In a programme recorded on location in west Dorset, Michael Berkeley is joined by writer on gardens and landscape Anna Pavord. Her musical choices include Bach, Schubert and Elgar.
Michael Berkeley's guest is Anna Pavord, the distinguished writer about gardens and landscape. Her best-known book is The Tulip, a biography of the bulb that created a mania in the 17th century, but she's written extensively about plants, and places, and spent years as gardening columnist of the Independent. Her latest book "Landskipping: painters, ploughmen and places", is an exploration of how, through the ages, we have responded to the land.

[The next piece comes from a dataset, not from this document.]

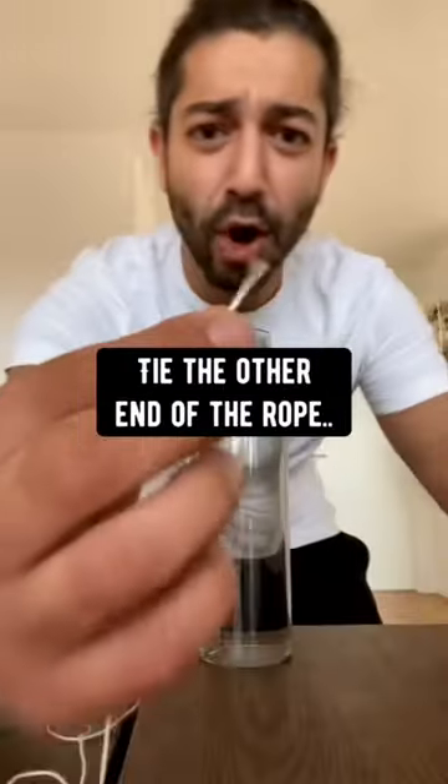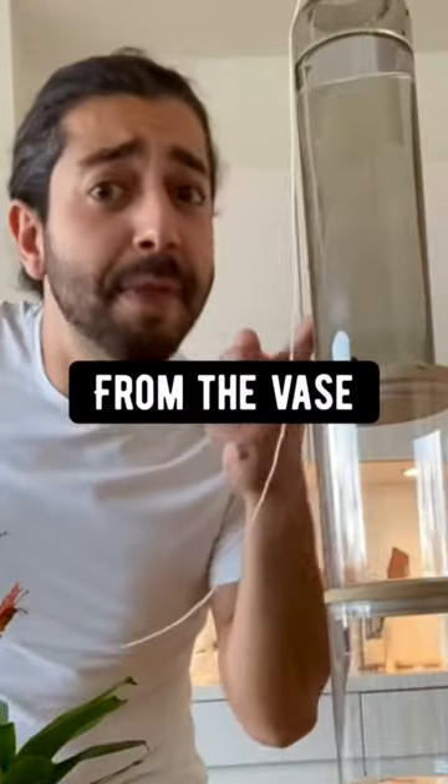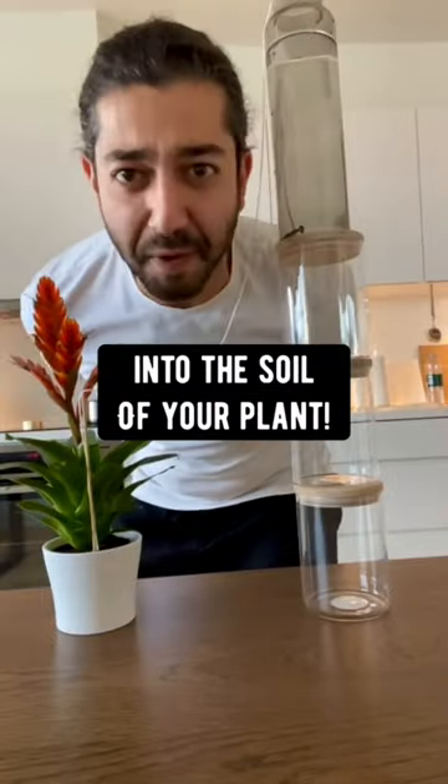Grab a plant and tie the other end of the rope to a stick, then pop the stick into the soil of your plant. What's going to happen is that the water is going to travel from the vase through the rope into the soil of your plant.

The programme is recorded on location in the landscape of west Dorset where Anna Pavord has lived, and gardened, for much of her life. She talks about what this landscape means to her, and why it is that we respond to certain kinds of natural beauty. She discusses her scholarly research into landscape mania in the 18th century, and tells moving personal stories too, such as the time she refused morphine after an operation for cancer, discovering that a mask of sweet peas was more effective - and much more pleasurable.
Walking round her garden, Anna Pavord reflects on the therapeutic value - and marvelous madness - of a life spent gardening.
Music choices include the Welsh Hymn Cwm Rhondda; the poet R.S.Thomas reading his own work; Bach's Wedding Cantata; two pieces by Schubert; Elgar's Cello Concerto - and a 1929 recording by Cleo Gibson: "I've got Ford engine movements in my hips".